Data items

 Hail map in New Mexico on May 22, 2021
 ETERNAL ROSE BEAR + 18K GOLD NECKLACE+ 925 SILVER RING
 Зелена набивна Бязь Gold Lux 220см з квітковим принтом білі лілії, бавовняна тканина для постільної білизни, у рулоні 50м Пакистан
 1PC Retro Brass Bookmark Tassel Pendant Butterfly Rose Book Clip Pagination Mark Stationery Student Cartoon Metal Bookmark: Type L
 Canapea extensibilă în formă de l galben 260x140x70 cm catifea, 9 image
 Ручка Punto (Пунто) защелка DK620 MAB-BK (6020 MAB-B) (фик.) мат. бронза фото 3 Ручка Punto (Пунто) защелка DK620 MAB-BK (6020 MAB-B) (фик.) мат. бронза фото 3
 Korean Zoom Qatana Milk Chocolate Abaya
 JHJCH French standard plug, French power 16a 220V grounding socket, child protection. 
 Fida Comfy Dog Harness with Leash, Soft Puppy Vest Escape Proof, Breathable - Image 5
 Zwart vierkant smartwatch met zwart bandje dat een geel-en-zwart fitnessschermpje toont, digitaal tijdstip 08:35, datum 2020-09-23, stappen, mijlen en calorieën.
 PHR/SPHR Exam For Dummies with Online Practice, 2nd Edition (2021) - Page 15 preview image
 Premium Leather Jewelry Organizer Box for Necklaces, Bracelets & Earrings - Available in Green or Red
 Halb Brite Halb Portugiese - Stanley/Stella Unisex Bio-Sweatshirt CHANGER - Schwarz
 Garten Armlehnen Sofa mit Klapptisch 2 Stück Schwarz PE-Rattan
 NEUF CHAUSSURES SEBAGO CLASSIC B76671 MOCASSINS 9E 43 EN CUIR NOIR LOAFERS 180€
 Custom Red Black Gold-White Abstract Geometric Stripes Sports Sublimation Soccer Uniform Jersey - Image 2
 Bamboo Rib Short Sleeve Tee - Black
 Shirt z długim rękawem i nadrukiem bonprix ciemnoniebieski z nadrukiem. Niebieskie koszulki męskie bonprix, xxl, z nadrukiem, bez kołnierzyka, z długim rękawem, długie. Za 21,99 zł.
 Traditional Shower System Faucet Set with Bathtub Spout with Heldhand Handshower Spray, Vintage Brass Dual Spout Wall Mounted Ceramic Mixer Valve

ACTIVITY: In the data above, find the line that contains "Bamboo Rib Short Sleeve Tee - Black" and the line that contains "Shirt z długim". Repeat exactly those lines and every line between them, and only those.

TASK RESPONSE:
 Bamboo Rib Short Sleeve Tee - Black
 Shirt z długim rękawem i nadrukiem bonprix ciemnoniebieski z nadrukiem. Niebieskie koszulki męskie bonprix, xxl, z nadrukiem, bez kołnierzyka, z długim rękawem, długie. Za 21,99 zł.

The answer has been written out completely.